The fate of the Kowloon Walled City was already being discussed when Britain and China struck a deal in 1984 to transfer Hong Kong back to Chinese sovereignty. The ultimate writing on the wall came in 1987. The Hong Kong government announced that, after all of the city’s residents were compensated and resettled, the city would be razed and turned into a public park.
This sparked a frenzy of interest in the enclave; Girard was no longer alone in documenting its labyrinthine interiors. A team of Japanese architects arrived to chart the entire structure in meticulous detail. A German documentary crew roamed the dank corridors. Jean-Claude Van Damme arrived to film a fight scene for his 1988 film Bloodsport. One of the final visitors was Jackie Chan, whose 1993 film Crime Story was filmed in the Walled City after all of its inhabitants had left. With nobody left, the filmmakers gleefully destroyed part of the structure in one explosive scene.
The city’s impending destruction earned it worldwide attention, which seemed to spark something in the popular imagination. Science fiction writer William Gibson used the Walled City as inspiration for an anarchist oasis in his Bridge trilogy. People are still captivated even today. Artist Howie Tsui mined the Walled City’s imagery for his richly imagined work Retainers of Anarchy, which is currently touring Canada and China. Even more recently, James Cameron replicated the city’s aesthetic in his new film Alita: Battle Angel, right down to the drying laundry and birdcage-like window grilles that festooned the Walled City’s jumble of façades.

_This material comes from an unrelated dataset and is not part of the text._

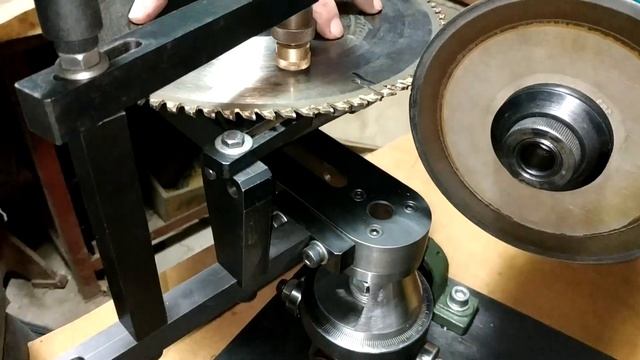 Станок для заточки дисковых пил ручной РП-019 смотреть онлайн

“Especially now that it’s gone, the reality doesn’t interfere with the myths about it,” says Girard. “It feeds the imagination that something actually did exist that wasn’t constrained by rules and regulations. You can see how it responded to needs and desires in terms of what a city could be. But when the thing stood there, if you were theorising about all this, all you’d have to do is walk into it to dial all of that back.”

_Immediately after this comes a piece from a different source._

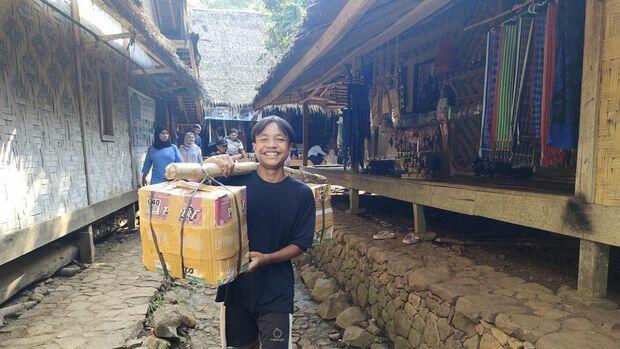 Apakah Gansist Pecinta Durian dan Petualang, Di Baduy Sekarang Lagi Musimnya Lho!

“It’s astonishing to see it and walk into it for the first time and see how people are living. It’s tough in many ways, but as you get to know the place, you get to see something else, and that’s how this place works in its own way. It’s the complexity of that and how it works as a community in physical extremis – it works off each other.”
Girard says the goal with his work was “to set the record straight.” The Walled City was “much more than a slum, much more than a bad neighbourhood,” he says. “But at the same time, you always have to be reflective of the reality that it was tough for most people who lived there.”
Today, the only trace of the Walled City that remains is the historic yamen that stood at its centre. Girard still sees reminders of the city when he walks around Hong Kong, looking up at window cages or at the tiny businesses wedged into building staircases. But nothing quite matches the Walled City’s all-encompassing scale, and it’s unlikely that anything like it will emerge again. Even the most massive and complex squatter settlements of Mumbai and Nairobi rarely rise a few storeys above ground. “The history that allowed the Walled City to happen was unique,” says Girard.